## [The problem]
Word for word, give again the line holding "this 1000×750 image." and each line after it to the end of the listing below.

== Segment start ==

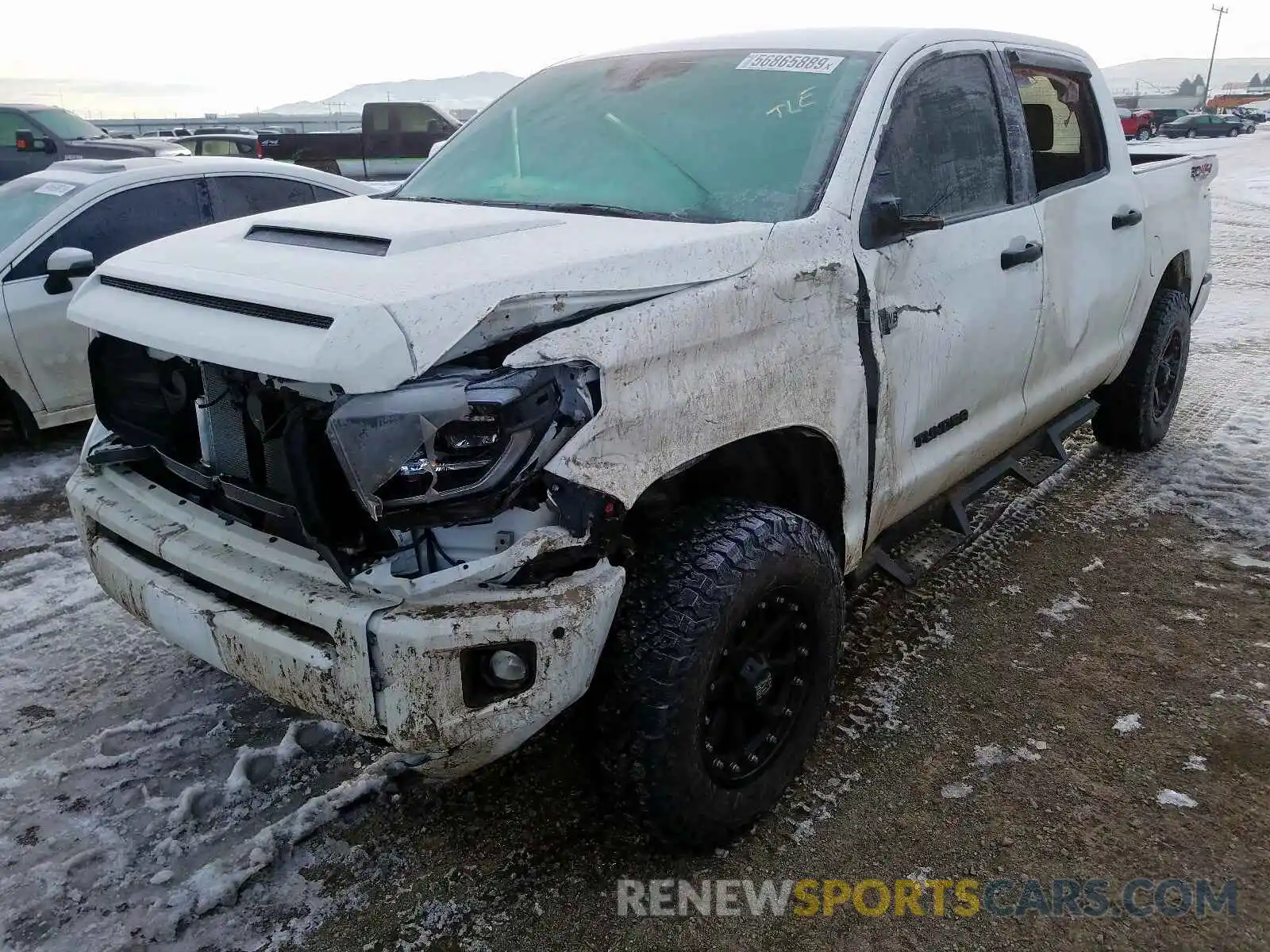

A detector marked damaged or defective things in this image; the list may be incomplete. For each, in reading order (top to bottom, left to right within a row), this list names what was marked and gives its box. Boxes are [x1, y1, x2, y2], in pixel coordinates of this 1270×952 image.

cracked bumper [68, 463, 625, 781]
crushed front end [67, 333, 629, 774]
broken headlight [325, 365, 597, 527]
damaged white pickup truck [64, 28, 1213, 850]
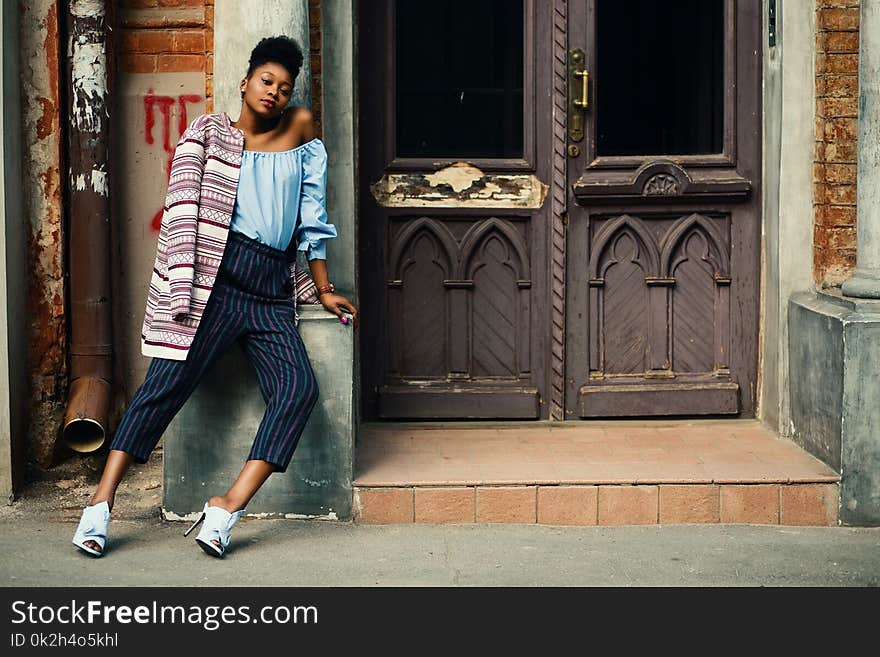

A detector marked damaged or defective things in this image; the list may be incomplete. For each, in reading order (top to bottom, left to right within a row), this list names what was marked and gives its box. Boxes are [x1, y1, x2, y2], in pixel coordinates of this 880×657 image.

peeling paint [372, 161, 552, 208]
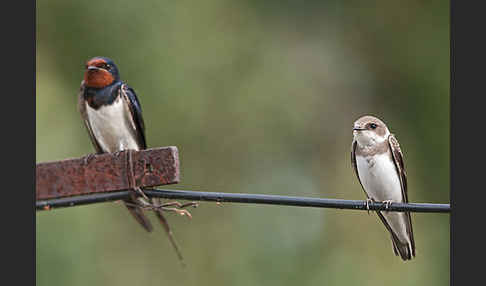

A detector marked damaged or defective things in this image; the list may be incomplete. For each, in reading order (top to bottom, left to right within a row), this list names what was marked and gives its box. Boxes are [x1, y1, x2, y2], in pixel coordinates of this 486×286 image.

rusted steel plate [35, 146, 180, 200]
rusty metal bracket [35, 146, 180, 200]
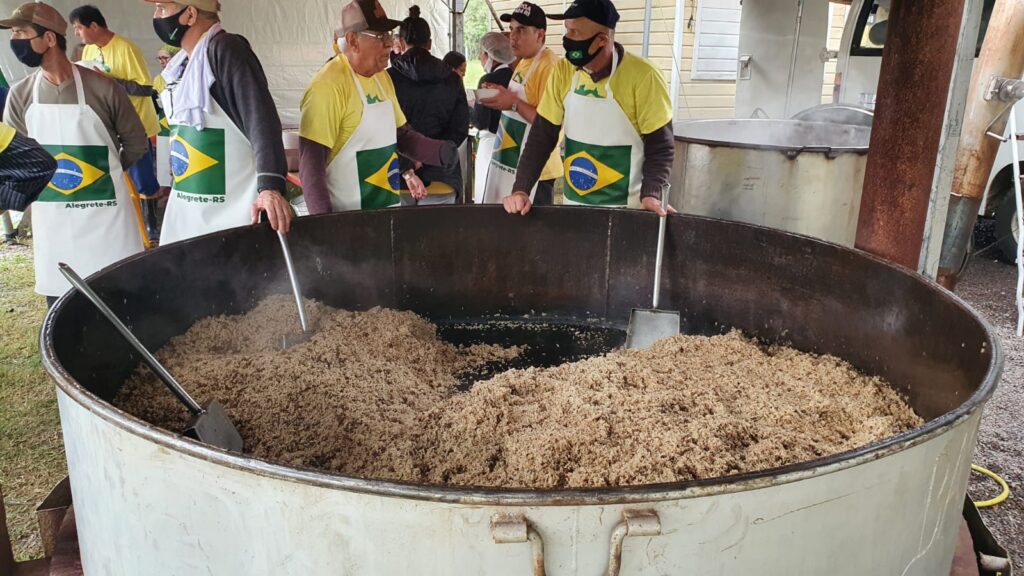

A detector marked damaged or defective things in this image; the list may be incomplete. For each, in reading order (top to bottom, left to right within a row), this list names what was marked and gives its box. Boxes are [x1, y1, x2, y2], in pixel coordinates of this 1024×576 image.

rusty steel pillar [856, 0, 968, 268]
rusty steel pillar [940, 0, 1024, 288]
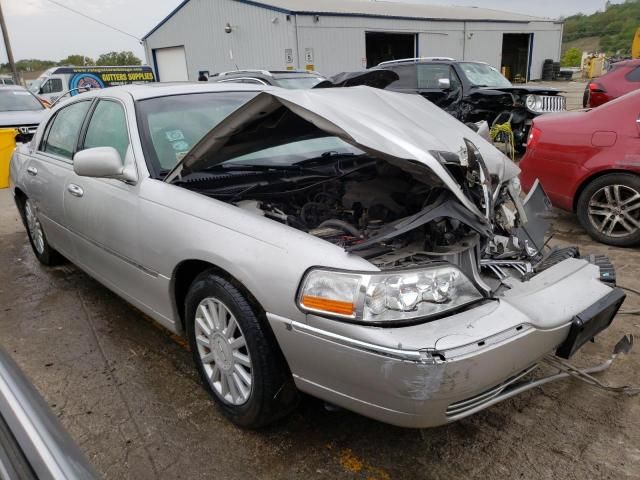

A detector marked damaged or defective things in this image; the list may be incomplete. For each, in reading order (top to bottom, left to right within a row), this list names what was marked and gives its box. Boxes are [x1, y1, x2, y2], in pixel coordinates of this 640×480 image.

crumpled hood [165, 86, 520, 218]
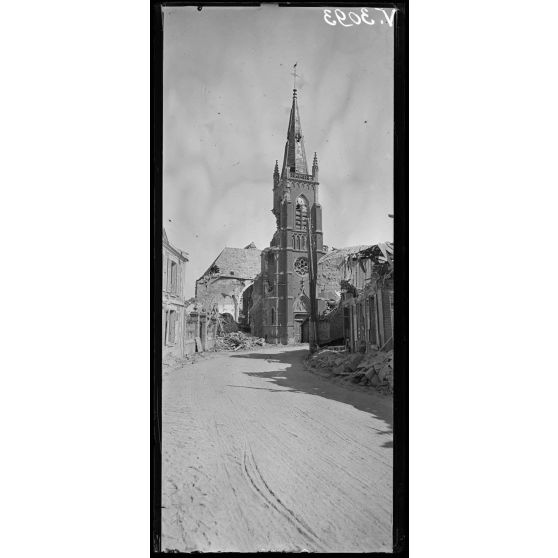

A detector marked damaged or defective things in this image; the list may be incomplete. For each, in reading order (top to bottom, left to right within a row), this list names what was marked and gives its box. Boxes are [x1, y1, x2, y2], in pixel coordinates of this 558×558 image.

damaged building [197, 242, 262, 328]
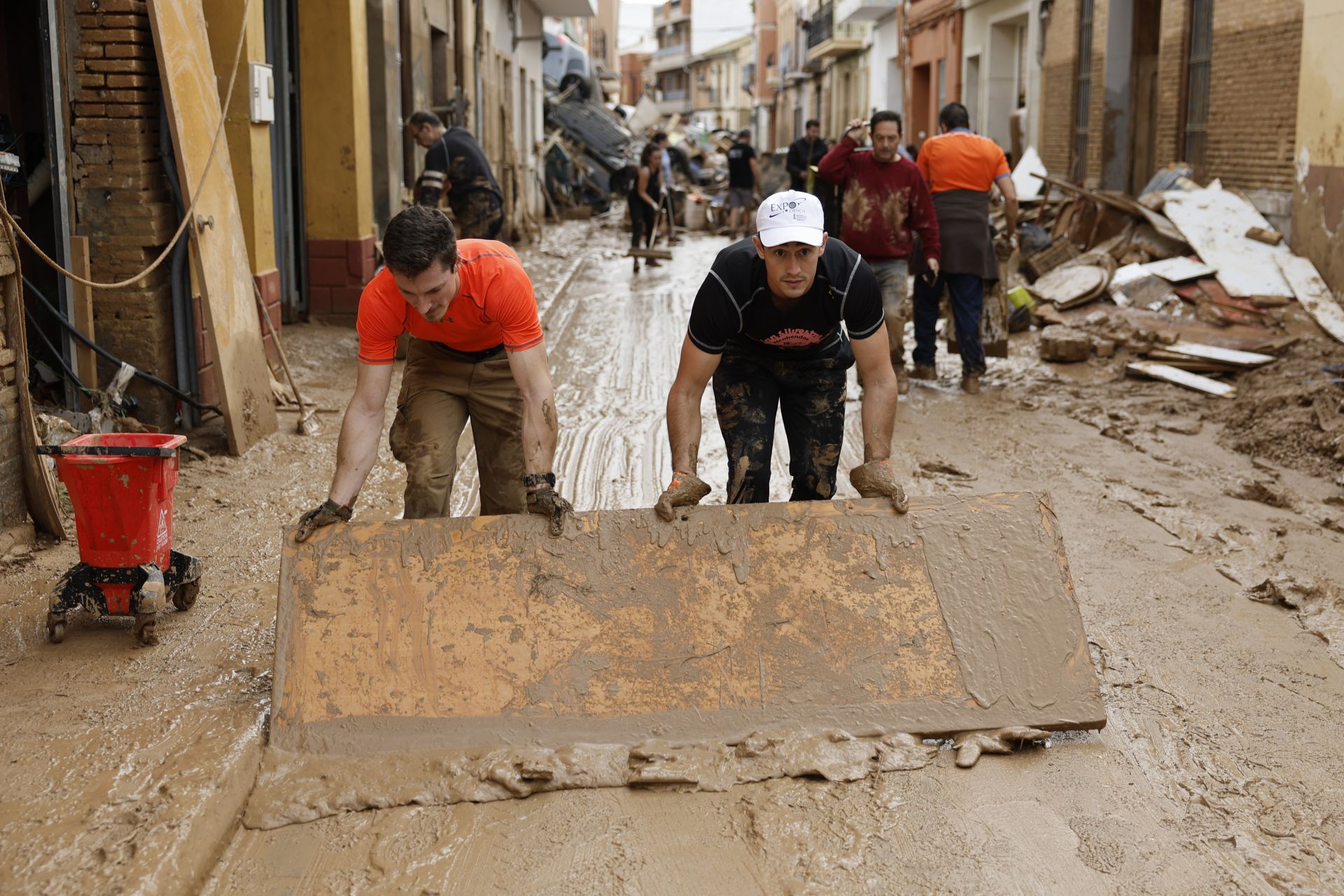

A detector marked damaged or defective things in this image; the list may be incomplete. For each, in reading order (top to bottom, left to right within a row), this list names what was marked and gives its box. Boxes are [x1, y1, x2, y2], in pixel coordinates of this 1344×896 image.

broken wooden board [147, 0, 275, 451]
broken wooden board [1161, 188, 1295, 299]
broken wooden board [1124, 363, 1236, 398]
broken wooden board [1161, 344, 1274, 370]
broken wooden board [1279, 258, 1344, 349]
broken wooden board [270, 494, 1102, 752]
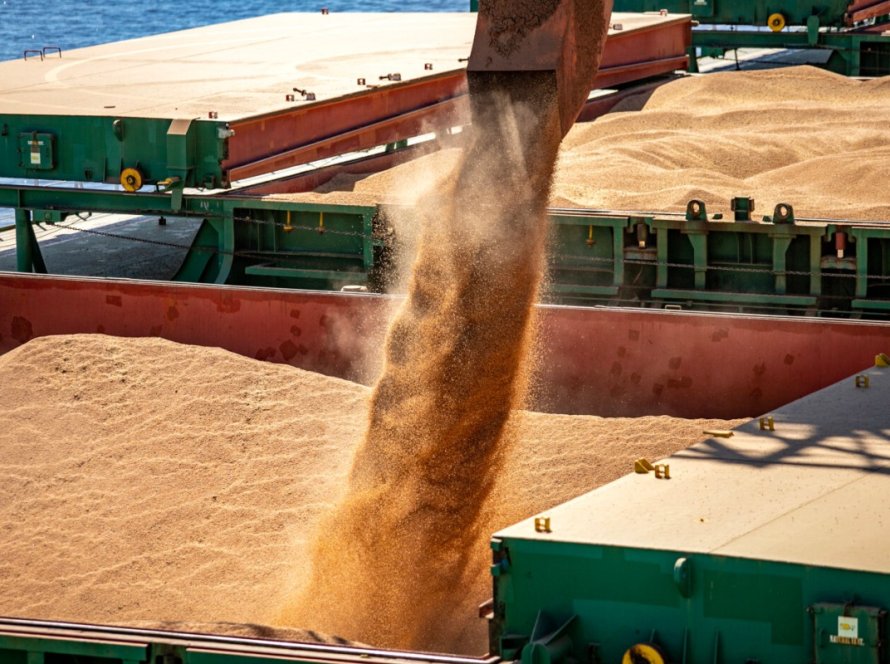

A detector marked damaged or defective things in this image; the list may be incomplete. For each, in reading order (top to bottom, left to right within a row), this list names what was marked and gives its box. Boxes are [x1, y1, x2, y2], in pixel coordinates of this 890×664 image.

rust stain [10, 318, 32, 344]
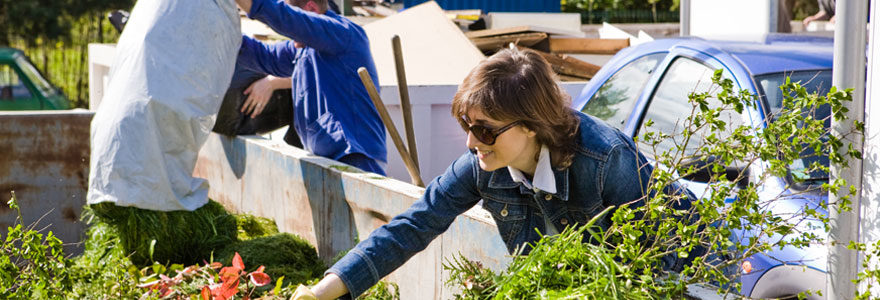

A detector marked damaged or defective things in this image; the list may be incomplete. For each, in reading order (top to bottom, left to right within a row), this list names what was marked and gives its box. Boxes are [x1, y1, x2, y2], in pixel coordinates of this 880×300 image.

rusty dumpster wall [0, 110, 93, 255]
rusty dumpster wall [192, 134, 508, 300]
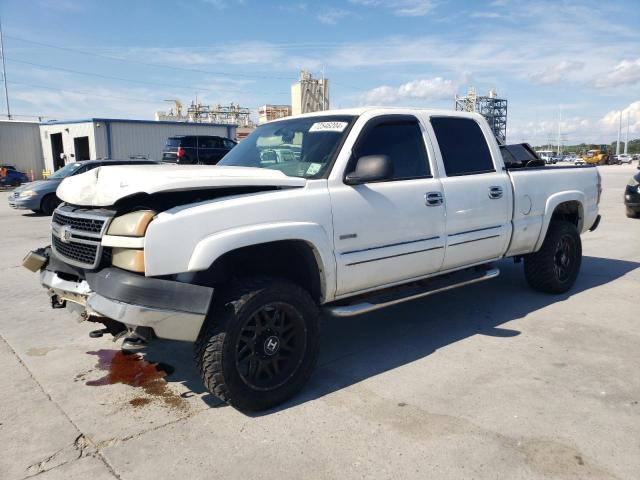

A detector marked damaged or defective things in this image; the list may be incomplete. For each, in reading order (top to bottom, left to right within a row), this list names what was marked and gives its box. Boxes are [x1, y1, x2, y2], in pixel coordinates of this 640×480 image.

cracked grille [53, 211, 105, 233]
cracked grille [52, 234, 98, 264]
damaged front bumper [33, 249, 212, 344]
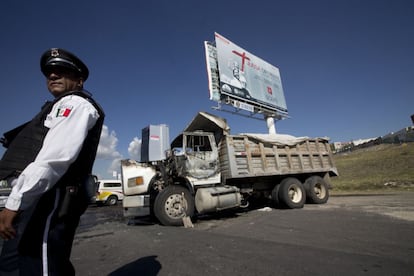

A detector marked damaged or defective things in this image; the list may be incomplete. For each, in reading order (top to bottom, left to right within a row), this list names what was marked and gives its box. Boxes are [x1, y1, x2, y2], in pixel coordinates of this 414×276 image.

burned dump truck [119, 112, 336, 226]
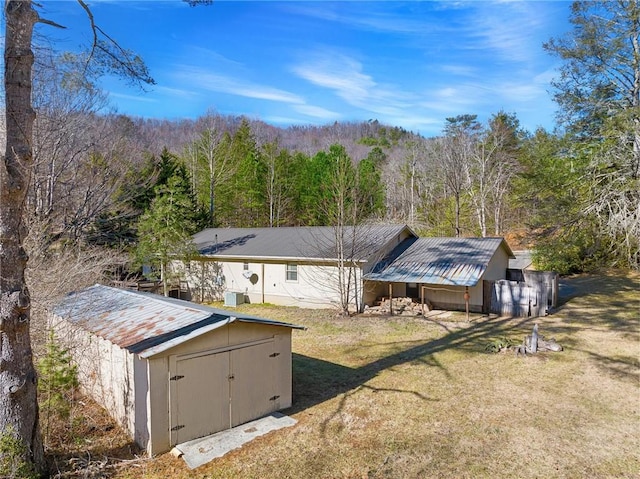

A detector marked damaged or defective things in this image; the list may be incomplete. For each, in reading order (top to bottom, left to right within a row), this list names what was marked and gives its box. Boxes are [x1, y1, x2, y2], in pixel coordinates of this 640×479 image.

rusty shed roof [191, 225, 416, 262]
rusty shed roof [364, 237, 516, 286]
rusty shed roof [53, 284, 304, 358]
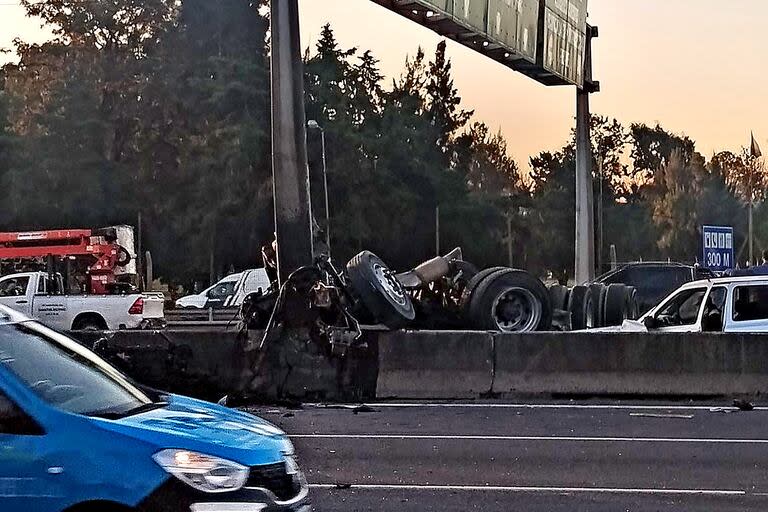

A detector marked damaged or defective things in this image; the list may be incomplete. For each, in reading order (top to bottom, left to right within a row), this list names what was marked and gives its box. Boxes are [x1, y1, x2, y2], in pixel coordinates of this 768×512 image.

damaged white vehicle [596, 274, 768, 334]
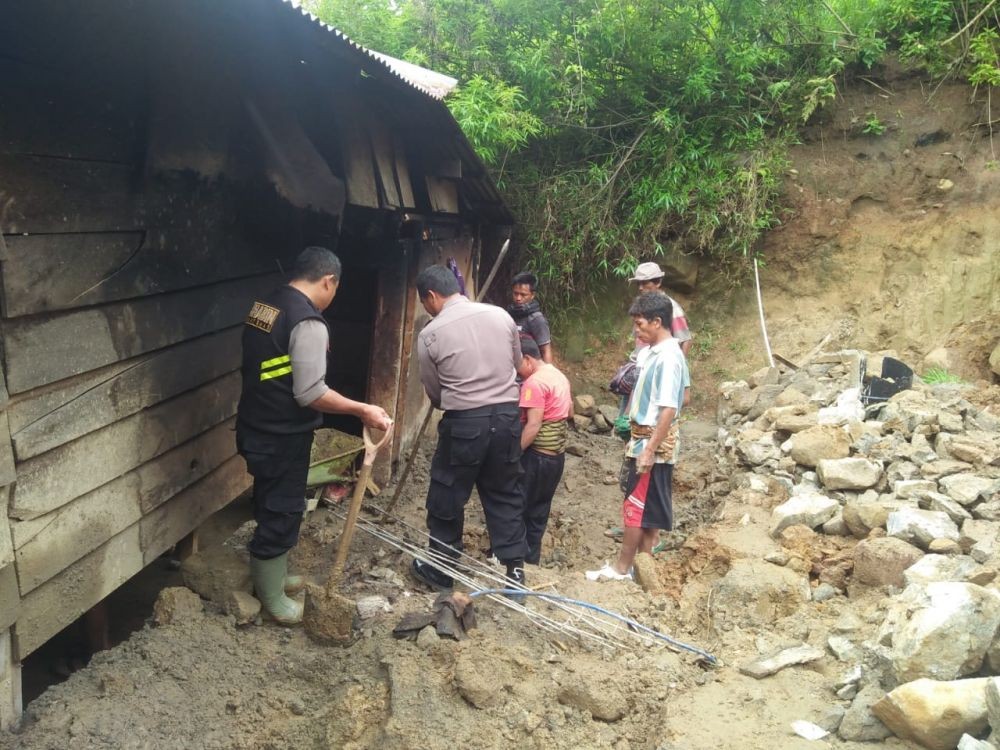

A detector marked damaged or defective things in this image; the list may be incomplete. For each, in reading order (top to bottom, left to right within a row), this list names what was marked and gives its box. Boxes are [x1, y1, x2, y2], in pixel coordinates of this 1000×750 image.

damaged structure [0, 0, 512, 724]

== Segment end ==

## [Response below]
A detector marked damaged or defective things in this image; the list may be incomplete. For each, in reading order (top to bottom, left to right within a row), this list names what was marked and gives its box. Boxes are [x1, y1, x2, y2], in pixel coordinates of this 1000×750 image.

damaged structure [0, 0, 512, 724]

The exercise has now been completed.